Tolerance-Aware Deep Optics
Jun Dai, Liqun Chen, Xinge Yang, Yuyao Hu, Jinwei Gu, Tianfan Xue
TL;DR
The paper tackles the design-to-manufacturing gap in deep optics caused by unavoidable tolerances in fabrication and assembly. It introduces an end-to-end tolerance-aware optimization framework that embeds tolerance modeling into differentiable ray tracing and jointly optimizes optical elements with the downstream decoder, using a two-stage training regime. Two novel losses, Spot Loss and PSF Similarity Loss, stabilize training under random tolerance patterns, enabling robust performance under manufacturing variability and yielding substantial improvements in simulated deblurring (over $2\text{dB}$) and real-world reconstructions. This approach advances the practicality of deep optical systems for mass production by reducing sensitivity to tolerances and improving downstream imaging robustness.
Abstract
Deep optics has emerged as a promising approach by co-designing optical elements with deep learning algorithms. However, current research typically overlooks the analysis and optimization of manufacturing and assembly tolerances. This oversight creates a significant performance gap between designed and fabricated optical systems. To address this challenge, we present the first end-to-end tolerance-aware optimization framework that incorporates multiple tolerance types into the deep optics design pipeline. Our method combines physics-informed modelling with data-driven training to enhance optical design by accounting for and compensating for structural deviations in manufacturing and assembly.
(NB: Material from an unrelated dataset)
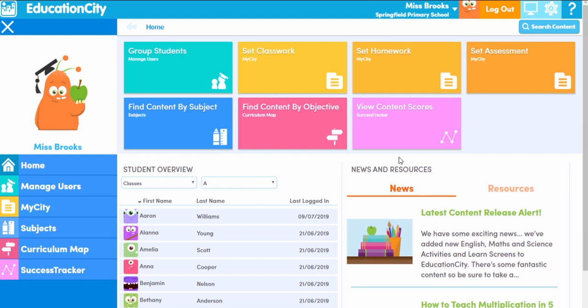On the homepage you can select what you'd like to do via the tiles at the top. For instance, maybe you want to group students together to help with lesson planning, so you can click here to go to manage users. Or maybe you'd like to set classwork or homework to appear on students' pages, so you'll be taken to manage my city. For those aligned to a UK curriculum you can also set an assessment here, which is great for seeing progression and attainment. The find content by subject and find content by objective tiles are also ideal for finding resources quickly to support your lessons.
We validate our approach through computational imaging applications, demonstrating results in both simulations and real-world experiments. We further examine how our proposed solution improves the robustness of optical systems and vision algorithms against tolerances through qualitative and quantitative analyses. Code and additional visual results are available at openimaginglab.github.io/LensTolerance.